**WHAT TO DO:**
Your answer must be a word-for-word copy of the listing, with all pictures excluded.

**PROVIDED MATERIAL:**

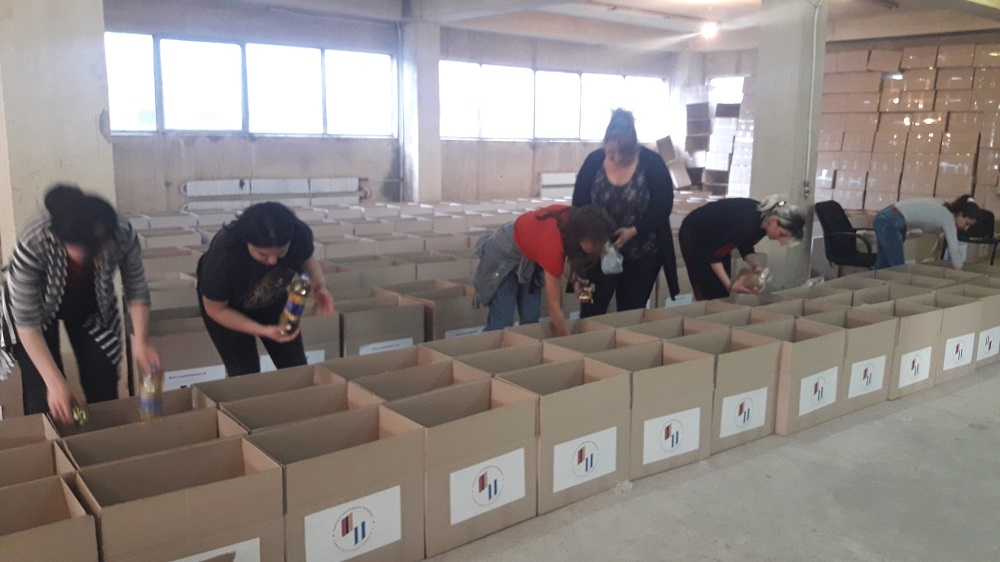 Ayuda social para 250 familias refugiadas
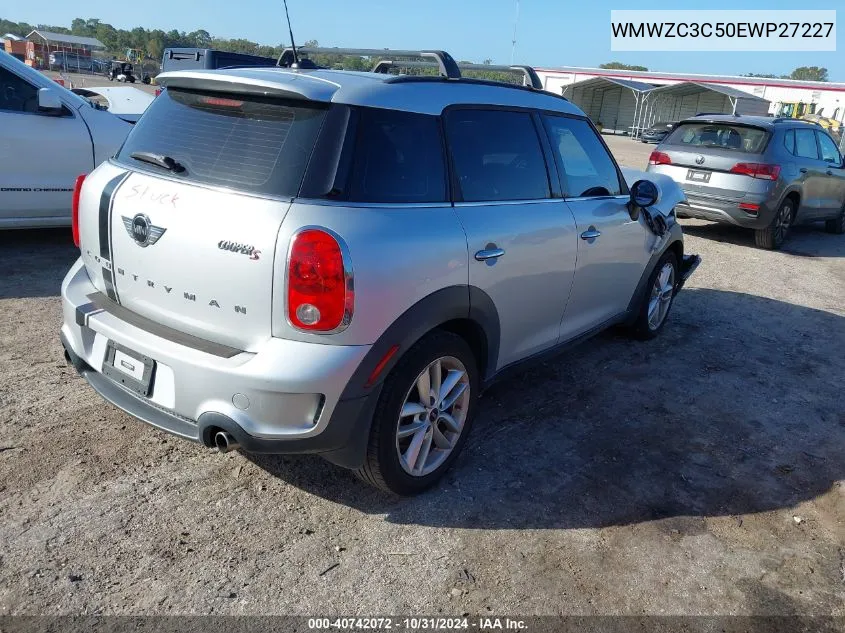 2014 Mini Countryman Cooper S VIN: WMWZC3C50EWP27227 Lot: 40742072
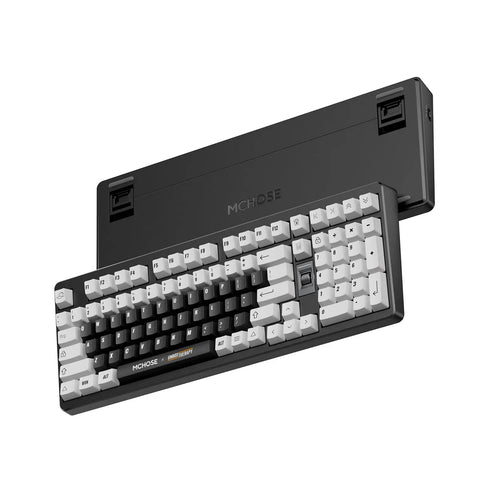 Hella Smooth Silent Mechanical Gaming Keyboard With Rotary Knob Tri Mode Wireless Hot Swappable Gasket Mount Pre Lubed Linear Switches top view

**TASK ANSWER:**
 Ayuda social para 250 familias refugiadas
 2014 Mini Countryman Cooper S VIN: WMWZC3C50EWP27227 Lot: 40742072
 Hella Smooth Silent Mechanical Gaming Keyboard With Rotary Knob Tri Mode Wireless Hot Swappable Gasket Mount Pre Lubed Linear Switches top view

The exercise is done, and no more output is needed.